Wednesday, May 18, 2005
MAKING AIR TRAVEL LESS HEINOUS
Dear Mr. Flight Captain Person,
It is not necessary to tell me how many feet about ground we are currently located. I really do not want to know as I'm quite phobic of heights (and airline stewardesses. I hate suntan pantyhose.)
It would also be nice if the "fasten seatbelts" warning chime sounded more like "ding dong" and less like an ominous "uh-oh."
And please put more than one barf bag in the seat back behind my upright tray table.

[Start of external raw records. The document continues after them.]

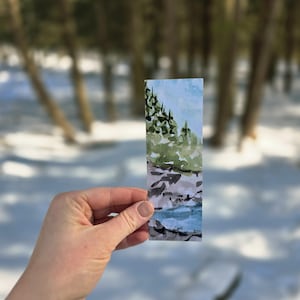 Könnte beinhalten: Ein rechteckiger Aquarell-Lesezeichen mit einer Landschaftsszene. Der obere Teil zeigt einen hellblauen Himmel und grüne Bäume. Die untere Hälfte zeigt einen Fluss mit grauen und schwarzen Felsen. Das Lesezeichen wird in einer Hand gehalten.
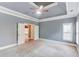 This carpeted bedroom offers lots of natural light and a tray ceiling with a ceiling fan at 3217 Aberrone Pl, Buford, GA 30519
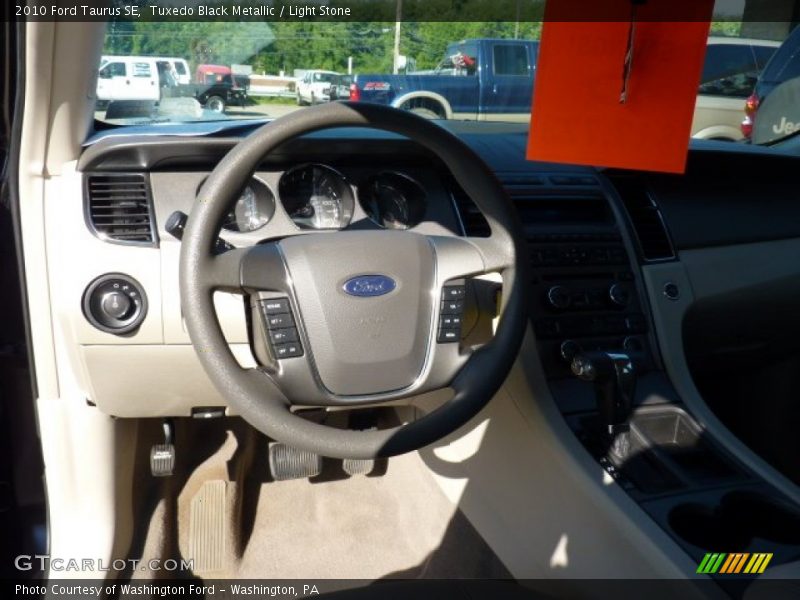 Tuxedo Black Metallic / Light Stone 2010 Ford Taurus SE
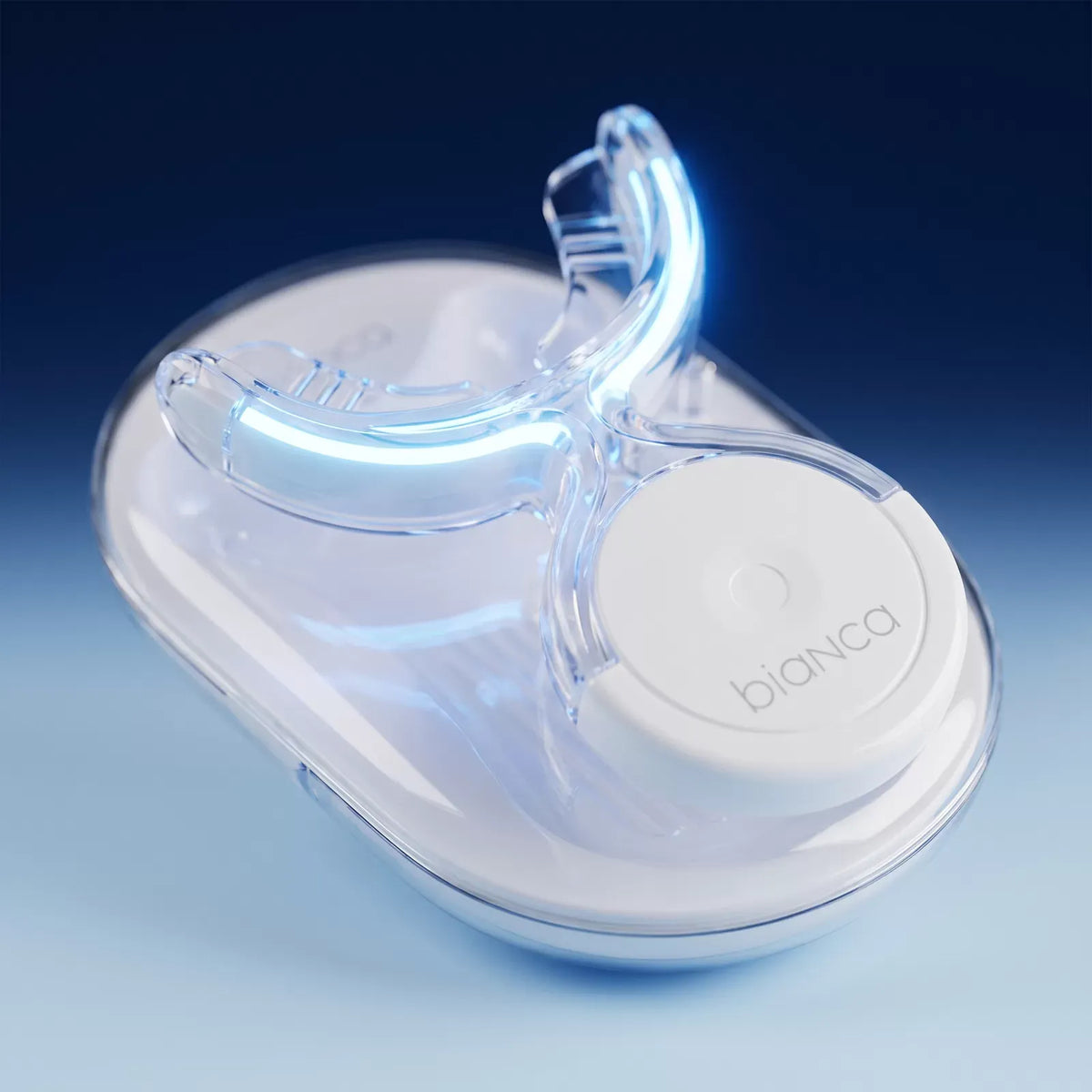 Macro of the Bianca Bright wireless LED whitening tray glowing blue on its charging case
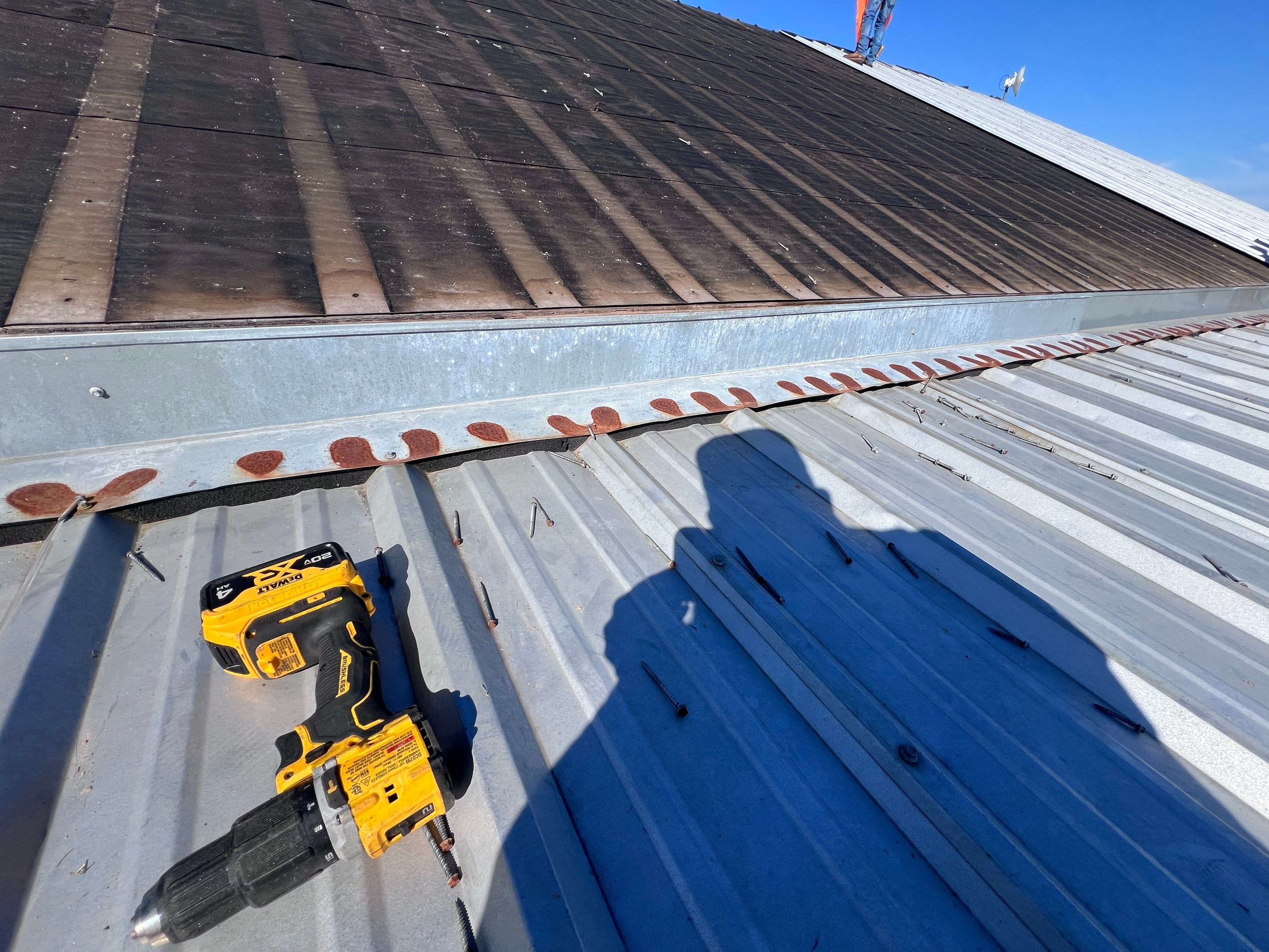 Residential Roofing Installation using Metal by Roof Repair Company
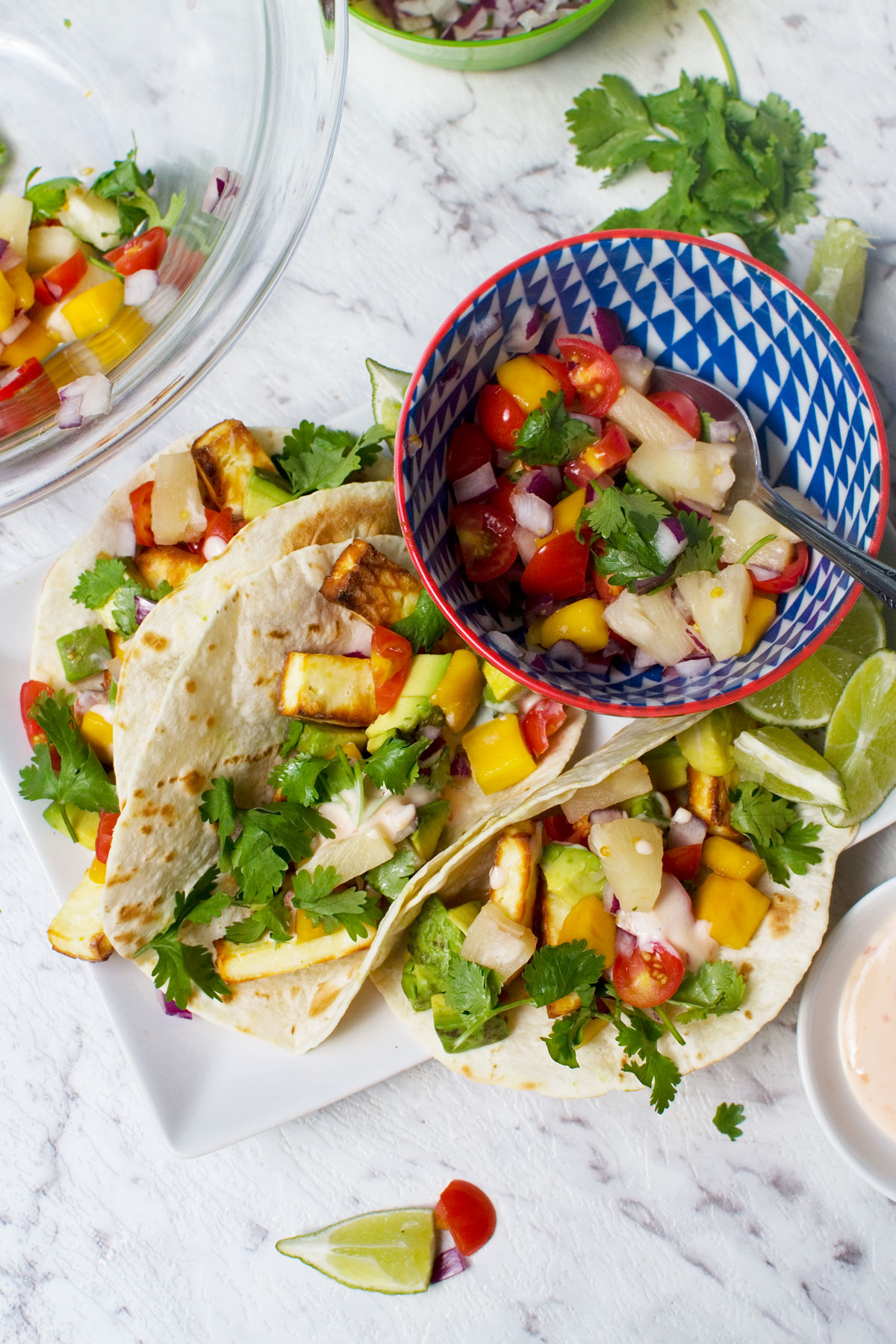 An overhead shot of 3 halloumi tacos with pineapple mango salsa on a white plate with a dish of the salsa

Also, I would really appreciate not being seated next to a morbidly obese couple from Arizona who are flying for the very first time, to see their momma (yes, they have the same momma) in Texarkana. They will only order six miniature Jack Daniels and proceed to pass out, and then, in his sleep, between sawing logs, the husband will cough up approximately six (6) phlegm globbers, which he will spew like Old Faithful into the air. One will hit my tray table in its upright locked position and begin its slow and insidious descent towards my naked knee.
And your stewardess won't be able to do anything about it because you have overbooked the flight and I cannot escape or move, not even to cower in the blue water of the flying, metal robot crapper, which would be preferable to Captain Horky, but there is no standing allowed outside the restroom because I just might be a toilet-bombing terrorist.
Which is why I am asking for the barf bags. To cram onto Horky's head - I promise to cut out the eye holes, but no mouth hole, okay? Or else, please provide a button which will cause the oxygen masks to descend so that passengers plagued with a seatmate's b.o. can continue to breathe, or alternatively, strangle them with the tubing.